## DATA FOR PROCESSING
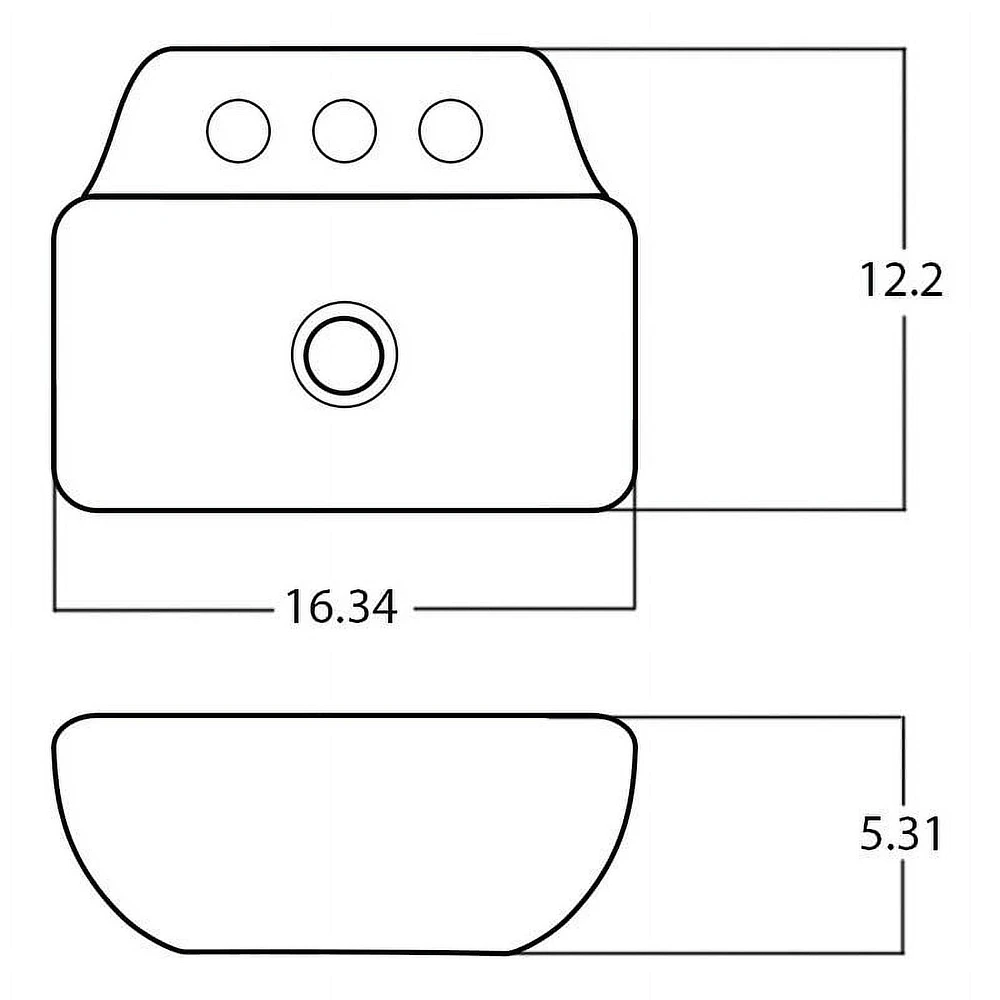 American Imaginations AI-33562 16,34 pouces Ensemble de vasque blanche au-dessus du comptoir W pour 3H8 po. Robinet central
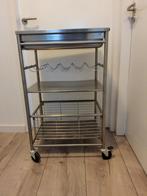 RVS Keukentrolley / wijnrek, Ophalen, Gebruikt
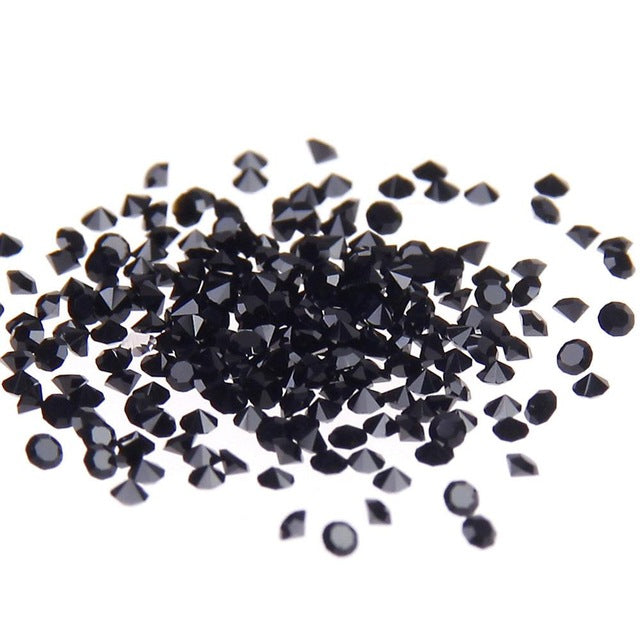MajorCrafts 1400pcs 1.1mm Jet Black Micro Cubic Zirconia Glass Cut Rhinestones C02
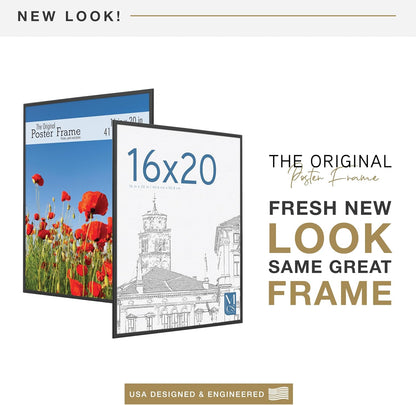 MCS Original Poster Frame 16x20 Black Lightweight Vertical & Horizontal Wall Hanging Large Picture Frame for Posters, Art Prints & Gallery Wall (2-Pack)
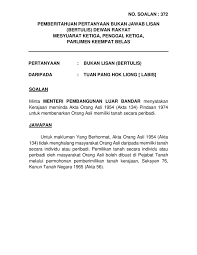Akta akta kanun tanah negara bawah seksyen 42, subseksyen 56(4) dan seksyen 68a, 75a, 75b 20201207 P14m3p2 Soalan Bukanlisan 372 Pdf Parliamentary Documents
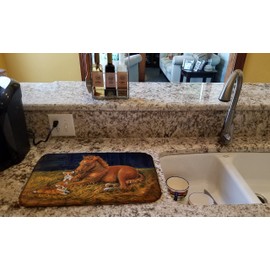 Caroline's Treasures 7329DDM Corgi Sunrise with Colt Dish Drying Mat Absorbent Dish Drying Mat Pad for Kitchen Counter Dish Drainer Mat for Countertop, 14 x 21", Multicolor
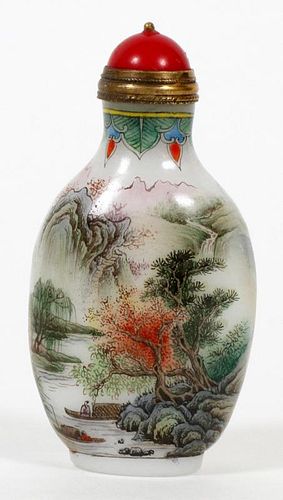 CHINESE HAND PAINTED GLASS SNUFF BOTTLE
* * *
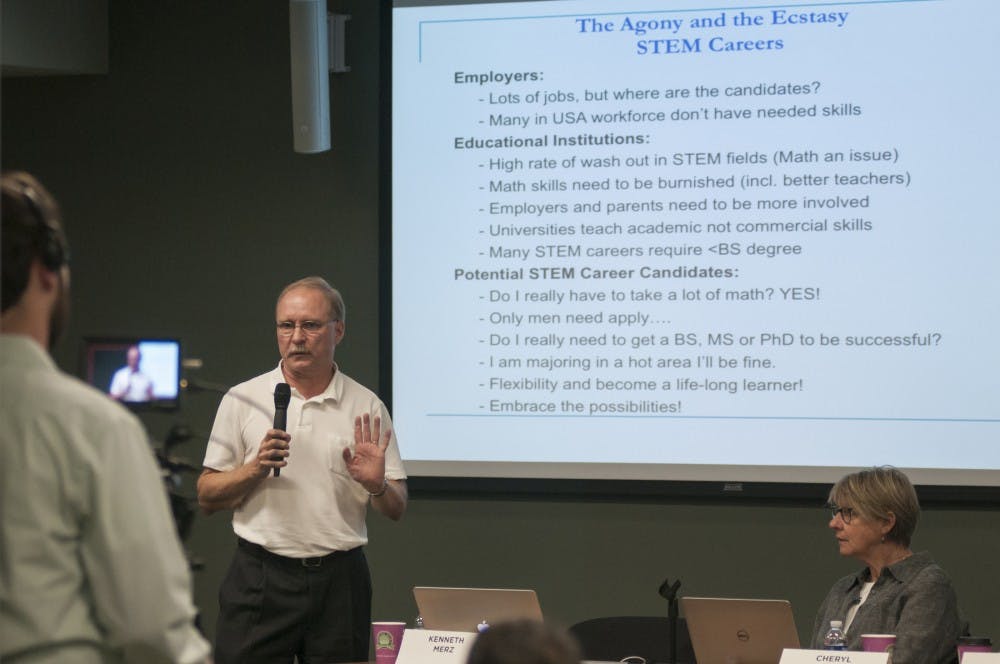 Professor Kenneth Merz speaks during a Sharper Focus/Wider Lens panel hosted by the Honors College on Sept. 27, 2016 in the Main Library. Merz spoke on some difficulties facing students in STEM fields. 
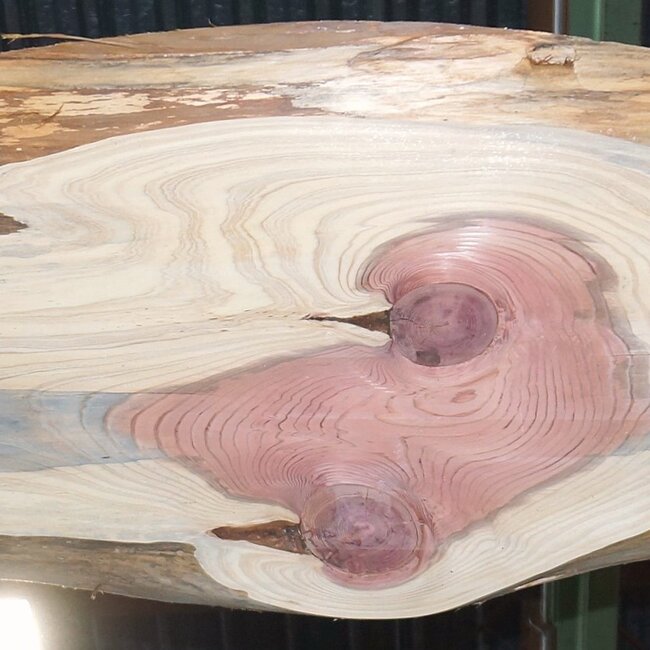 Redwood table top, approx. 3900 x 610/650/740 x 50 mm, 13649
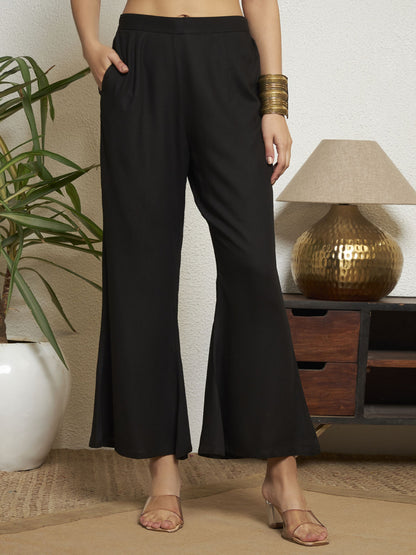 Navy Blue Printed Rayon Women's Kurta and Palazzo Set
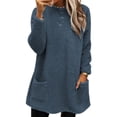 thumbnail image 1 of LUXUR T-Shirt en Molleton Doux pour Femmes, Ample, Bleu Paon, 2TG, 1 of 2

## EXERCISE
Looking above, find the stretch of lines that opens with the one holding "Redwood table top, approx." and closes with the one holding "thumbnail image 1". Copy it exactly, pictures excluded.

## EXPECTED ANSWER
 Redwood table top, approx. 3900 x 610/650/740 x 50 mm, 13649
 Navy Blue Printed Rayon Women's Kurta and Palazzo Set
 thumbnail image 1 of LUXUR T-Shirt en Molleton Doux pour Femmes, Ample, Bleu Paon, 2TG, 1 of 2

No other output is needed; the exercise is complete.